No. Just…no. That is not the job of a backbench MP, government or opposition. In fact, it’s pretty much the exact opposite of what a backbencher’s job is. A backbencher’s job, in government or in opposition, is to hold the government to account. That means that backbench MPs control the purse strings that the government wants to use in order to implement their programme. That’s why it’s their job to scrutinise the estimates, and ask tough questions about the spending programmes, and why the opposition has days set aside for the express purpose of demonstrating why the government should not be granted supply. It’s called accountability. You know, the whole reason that Parliament exists.

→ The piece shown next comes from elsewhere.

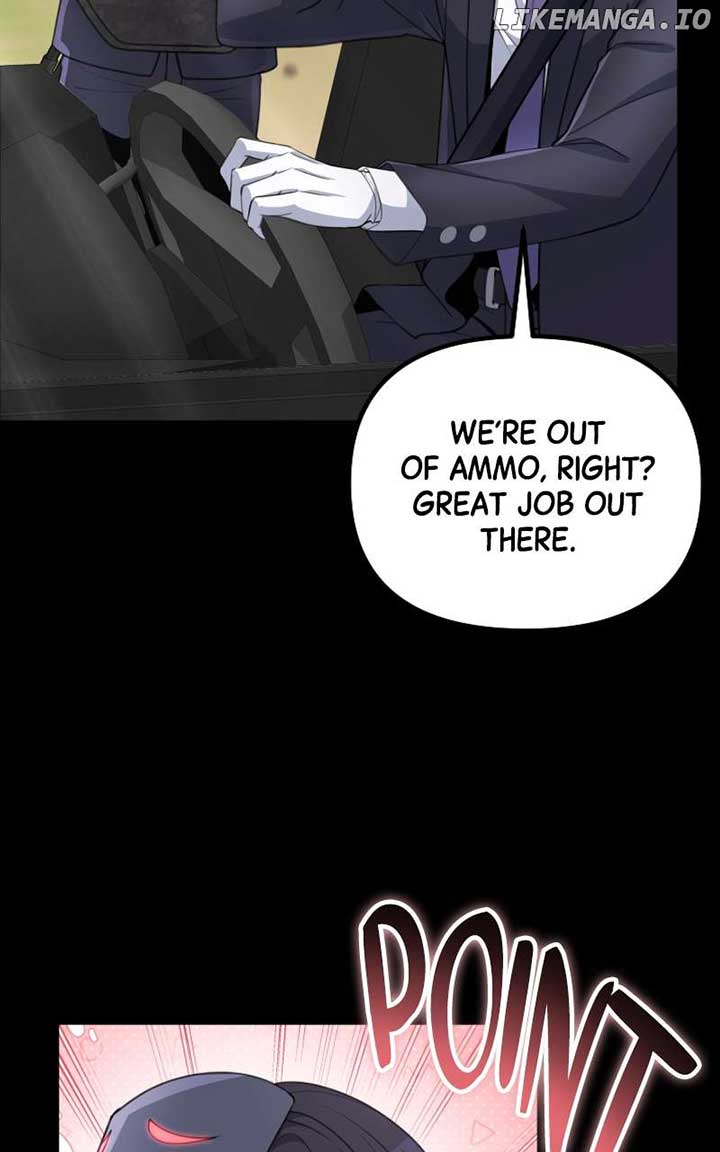 The Possessed Genius’ Gaming Stream Chapter 29 574 ch 29 126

But you wouldn’t know it these days. MPs – who apparently don’t actually know that it’s their job to hold the government to account – are busy currying favour with party leaders in the hopes of getting a good portfolio. Crockatt knows that she’s unlikely to get a cabinet post because she’s from Calgary, and the cabinet, which requires a regional balance, is already Calgary-heavy. But rather than use the fact that she’s not going to get into cabinet anytime soon, if at all, and actually do her job and use her voice effectively and independently, Crockatt comes out with this line about it being her job to support the PM in whatever way he thinks.

What an utter abdication of her role in such a public manner. And for Crockatt, who still styles herself a journalist, to so willingly submerge her voice and independence so completely, is actually appalling. She of all people should know better. Perhaps she needs to start speaking to another backbencher like Brent Rathgeber, who is actually doing his job and asking questions on government spending and policy, because he knows he’s not getting into cabinet and he’s afforded that degree of independence as a result.

It’s not her job to blindly support the PM. If she – or any other MP – feels that it is, then perhaps it’s time they took a refresher course on the very fundamental aspects of parliamentary democracy, for all of our sakes.

(Note to partisans of other stripes: Don’t be smug. Most of the backbenchers of your own party of choice are pretty much in the very same boat).